**DATA PROVIDED**
+-------+
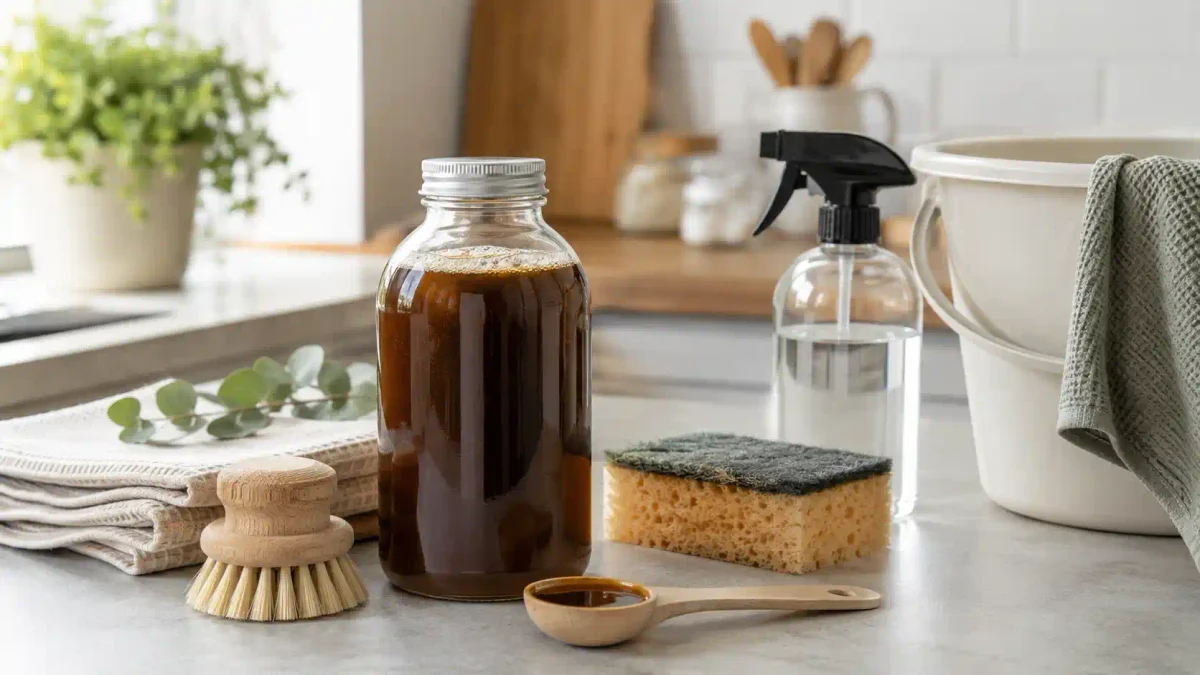 The Versatile Uses of Black Soap: Tips and Dosages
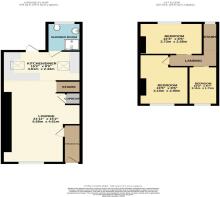 2 Riverside-floorpla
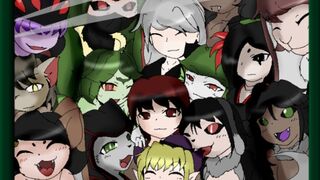 SHRIFT Grand Finale?: CREATOR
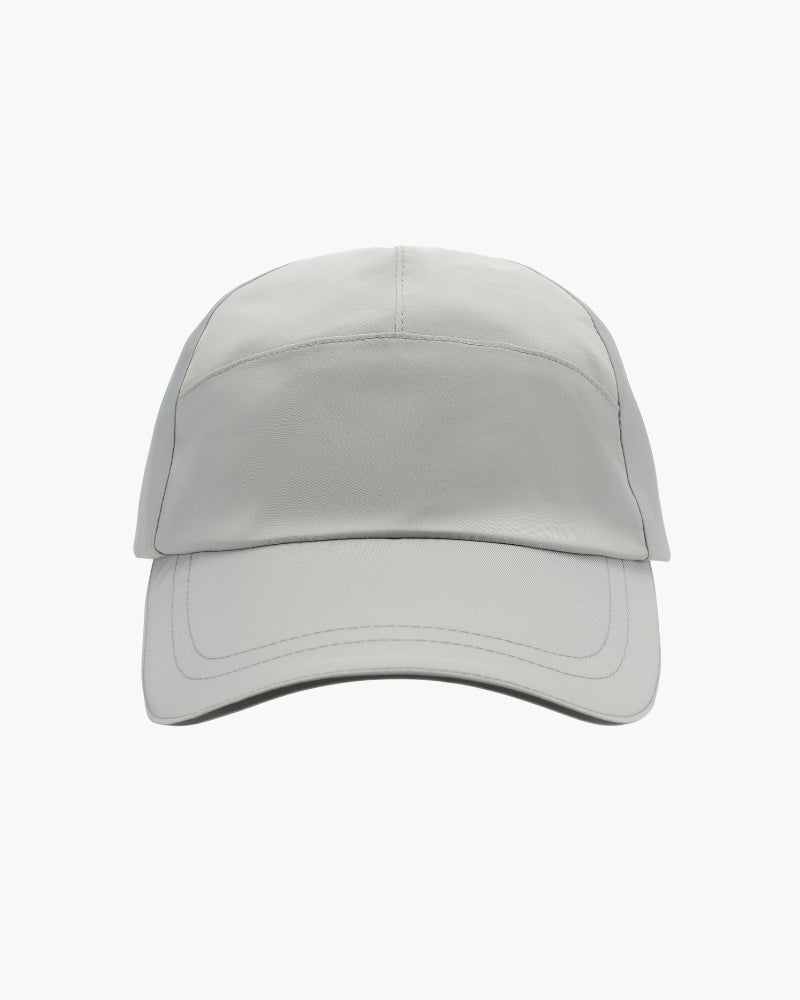 Capello da Golf Impermeable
+-------+
**WHAT IS EXPECTED**
Copy out the lines above in full and unaltered, apart from the pictures.

**WRITTEN REPLY**
 The Versatile Uses of Black Soap: Tips and Dosages
 2 Riverside-floorpla
 SHRIFT Grand Finale?: CREATOR
 Capello da Golf Impermeable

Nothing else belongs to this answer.